Imagina a un artista cuyo trabajo desafía la norma, no por ser transgresor o subversivo, sino por mantener una estética pulcra y un respeto absoluto por la forma clásica. Eso es Xavier Veilhan, un escultor y artista conceptual que ha logrado destacar sin caer en la trampa de las controversias artificiales o esfuerzos desesperados por llamar la atención. Veilhan, nacido en 1963 en Lyon, Francia, ha sido capaz de crear un cuerpo de trabajo que, aunque aparentemente desprovisto de política, podría hacer que algunos liberales se sientan incómodos. ¿Por qué? Su arte apuesta por el realismo, la limpieza y las formas tradicionales, algo que a veces contrasta con las corrientes modernas que traen las tendencias decididamente desechables. Y ojo, que esto es en pleno París del siglo XXI, donde se espera que el arte desafíe todo lo que se considera 'normal'.
Veilhan ha trabajado desde una visión más apolítica, centrada en la belleza de la forma. Con exposiciones en Los Ángeles, Nueva York, y por supuesto, en bastiones del arte en Francia, su arte ha viajado por todo el mundo desde finales de los años 80. Lo que lo distingue es cómo usa su arte para resaltar lo que muchos podrían considerar... 'simple'. Aquellos que buscan algo más radical encontrarán su trabajo casi asombrosamente directo. ¿Necesitamos realmente obras de arte que exijan una tesis doctoral para ser entendidas?
Los materiales de Veilhan son tan variados como su enfoque. Usa metal, vidrio, madera y resinas para crear esculturas y formas depuradas que parecen casi congeladas en el tiempo. Esto nos recuerda que la innovación no siempre requiere de un pinchazo al statu quo o de una interjección escandalosa. Pero lo que realmente hace de su arte algo sustancial es la apuesta por lo tangible sobre lo abstracto, rechazando la puramente subjetiva interpretación que caracteriza mucho del arte postmoderno.
Quizás su contribución más reconocida fue su intervención en el Pabellón Francés de la Bienal de Venecia en 2017, donde transformó el lugar en un estudio musical. Esa obra, llena de colores vivos y formas precisas, era más un homenaje a la música como forma de arte que una oportunidad de lanzar un manifiesto político. Fue un elegante recordatorio de lo que se podía lograr cuando el arte se centra en elevar en lugar de desestabilizar.
En la era de las redes sociales, donde todos buscan el próximo tópico viral para encender el discurso, Veilhan proporciona una bocanada de aire fresco mediante su rechazo a comulgar con la hipérbole. La escultura, como ve él, es una forma de silenciar el ruido y capturar la serenidad. Su insistencia en formas claras y colores simples añade una capa de calma genuina a su trabajo, un baño de pureza que, irónicamente, lo hace más vigente hoy que nunca.
Su trabajo también resulta una especie de homenaje a la artesanía.

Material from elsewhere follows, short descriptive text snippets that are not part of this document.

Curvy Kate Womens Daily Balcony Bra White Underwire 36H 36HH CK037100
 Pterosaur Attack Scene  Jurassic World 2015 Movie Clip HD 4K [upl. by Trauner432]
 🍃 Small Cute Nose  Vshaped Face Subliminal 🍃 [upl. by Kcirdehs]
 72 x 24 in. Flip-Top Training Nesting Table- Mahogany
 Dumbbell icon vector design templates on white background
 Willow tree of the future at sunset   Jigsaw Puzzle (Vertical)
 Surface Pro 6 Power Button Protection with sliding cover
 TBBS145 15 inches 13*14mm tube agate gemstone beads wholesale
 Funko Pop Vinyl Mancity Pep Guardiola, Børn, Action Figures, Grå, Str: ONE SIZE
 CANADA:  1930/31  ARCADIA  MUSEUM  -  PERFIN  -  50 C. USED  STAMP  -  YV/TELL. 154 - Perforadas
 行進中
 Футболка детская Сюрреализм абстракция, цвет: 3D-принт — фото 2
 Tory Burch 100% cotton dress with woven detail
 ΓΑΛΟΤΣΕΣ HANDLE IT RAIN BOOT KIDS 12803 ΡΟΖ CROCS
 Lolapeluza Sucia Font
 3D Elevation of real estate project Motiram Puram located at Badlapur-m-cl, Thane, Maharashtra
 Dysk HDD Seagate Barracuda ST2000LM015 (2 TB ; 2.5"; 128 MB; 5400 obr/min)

No desdeña las técnicas tradicionales ni se deja llevar por los excesos tecnológicos sin sentido. Una pieza de Veilhan es prueba tangible de que el arte puede ser técnico y emocional a la vez, sin sucumbir a la desesperación de hacerse viral en Twitter o Instagram.
En un mundo que a menudo parece inclinado a ignorar la belleza por lo confrontacional, Veilhan nos recuerda que el arte debe ser un refugio donde la forma pura y la elegancia aún importan. Su trabajo desafía las reglas no al romperlas, sino al ignorarlas por completo, mirando más hacia el cosmos del arte universal en lugar de la política de corto plazo.
Para algunos, su arte puede parecer un anacronismo en un mundo donde lo llamativo y lo político gobiernan. Pero para aquellos que encuentran descanso en la belleza clásica, su trabajo es una afirmación descarada de que el arte no tiene que ser feo o discordante para ser exitoso. Tal vez ahí es donde yace su provocación más aguda: en su firme rechazo de un mundo que apenas puede recordar lo que significa ser simplemente hermoso.